Guess which one I went with?

But there's no way around it, is there? One 100 second cutscene - not the longest one in the game by far - and the whole plot gets turned upside down and thrown out the window. I can see what the writers were trying to do here, and, well, someone dropped the ball. Hard.

After Level 12, I'm going to have to sit down and actually tell you all how the timeline of the game works out, and how Shinatama's little plot-bomb doesn't add up. That there is no way that this should be a surprise to Konoko. Let alone what she's told in that future Level. And no, there is no reason for either person delivering exposition to lie, so something has to be wrong in the writing.

Anyway... Look, Griffin, last time I called Muro a cartoon villain for his sheer idiocy and evilness. Even one of my readers, Loxbourne, argued that there was no reason to write that scene last level except that Muro is pretty much explicitly torturing a child and that the only way that got into the game was because someone wanted to write it, and it was made.

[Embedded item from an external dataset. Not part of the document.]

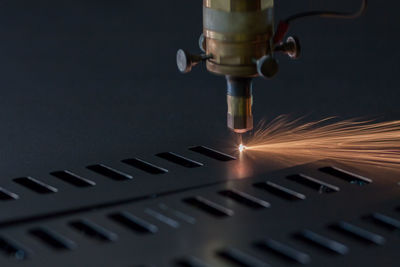 Close-up of illuminated machine in factory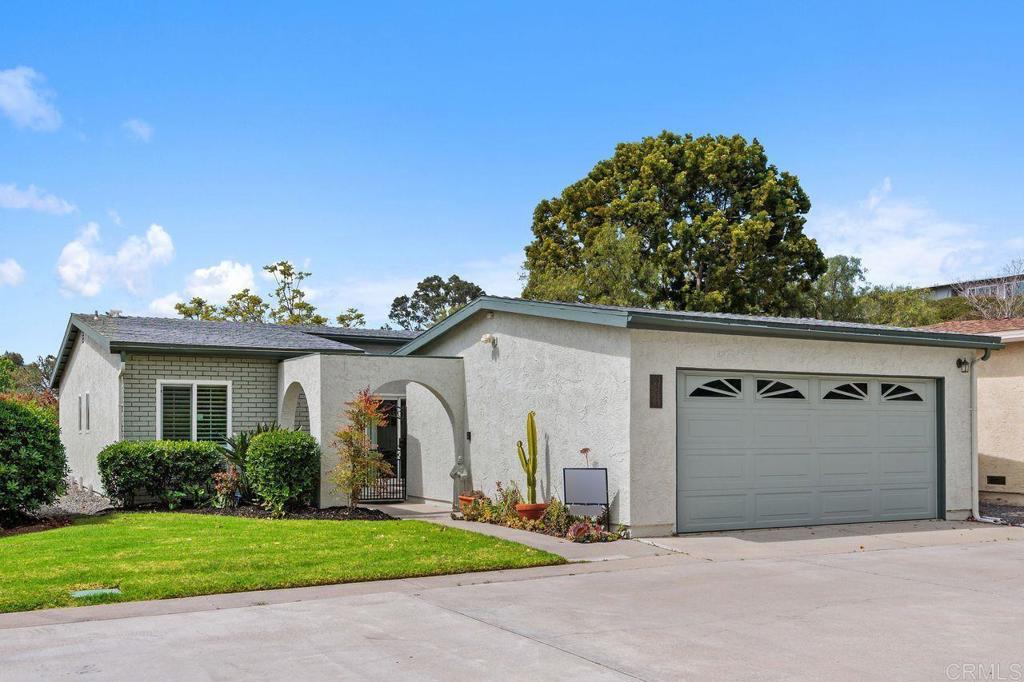 3709 Sesame Way Oceanside, CA 92057 - Photo 1 of 39 a front view of a house with garden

You took one look at that, handed Doctor Kerr your coffee, and said "No, This is how you twist the knife."

I keep trying to figure out his logic here, trying to deduce the chain of events, of cause and effect that would lead Griffin to try and kill Konoko. So, let's go down the reasons, excuses and why things don't work out.

1. Griffin was ordering Konoko's death because she was now a loose end.
A: NO. Griffin doesn't declare Konoko a rogue agent until long after the bomb goes off, and she's already beaten up and possibly killed other TCTF agents.

Actually, step back there. Why are the TCTF treating Konoko as hostile? We see when Griffin makes the call that she's gone off the reservation, and is no longer TCTF, but she's attacked before that. And it can't be a case of mistaken identity, as she's clearly in TCTF armor. Now, if she had attacked first in blind rage over Shinatama's death, I could see it, but the way the encounter plays out, there's plenty of time for a Trooper to go "Wait, what? Why are you here, Agent?"

But they don't. They're hostile from the start, and there's no attempt to settle the confusion on the part of the TCTF before the fateful call.

Where was I? Yeah. Konoko, at that point, isn't a loose end. There's no way to tell what, if anything, Shinatama is telling Konoko, and there's no reason to assume that the SLD is going to betray the TCTF's confidence like this.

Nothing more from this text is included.